### PROBLEM STATEMENT:
Take the lines below between the one holding "Used 2026 Chevrolet" and the one holding "Photo #2: 226050404 Listing", inclusive, and copy them exactly. Add nothing.

### DATASET EXCERPTS:
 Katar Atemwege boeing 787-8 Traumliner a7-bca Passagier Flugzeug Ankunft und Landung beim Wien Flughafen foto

--

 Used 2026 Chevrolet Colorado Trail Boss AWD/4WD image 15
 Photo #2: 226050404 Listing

--

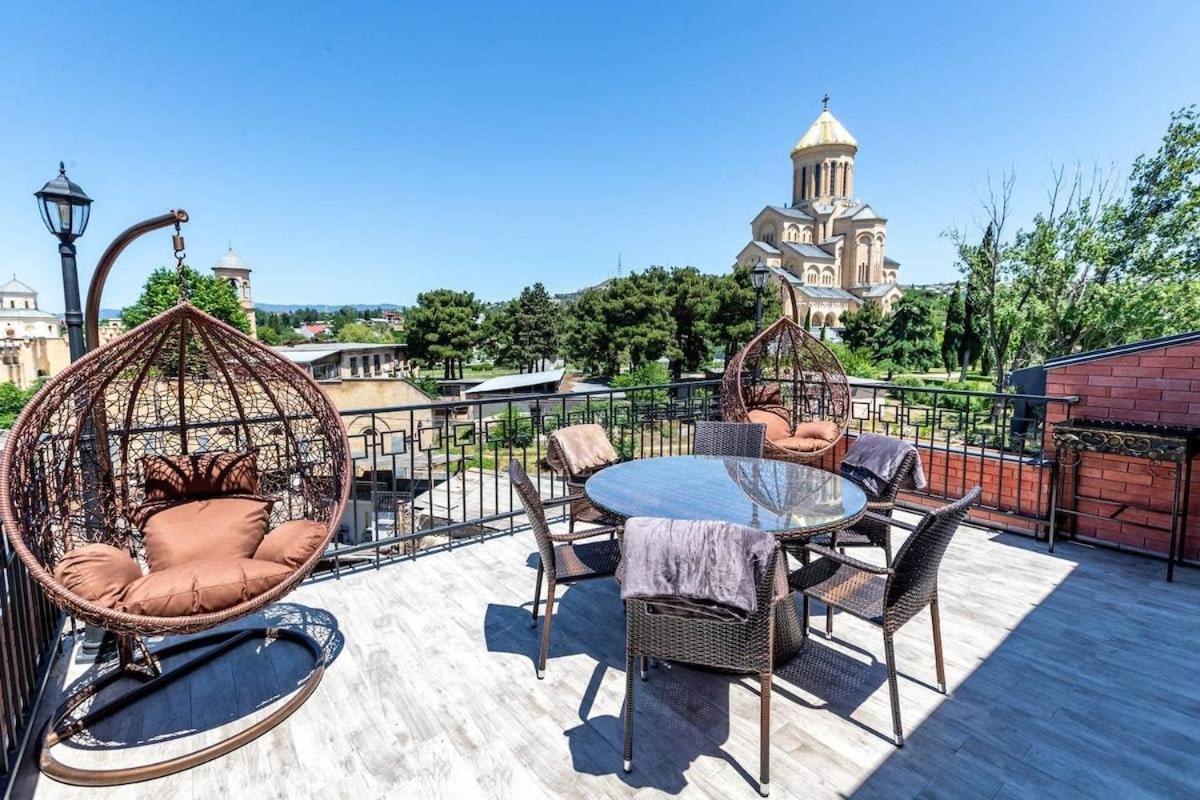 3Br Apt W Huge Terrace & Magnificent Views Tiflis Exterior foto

### RESULT FOR THIS TASK:
 Used 2026 Chevrolet Colorado Trail Boss AWD/4WD image 15
 Photo #2: 226050404 Listing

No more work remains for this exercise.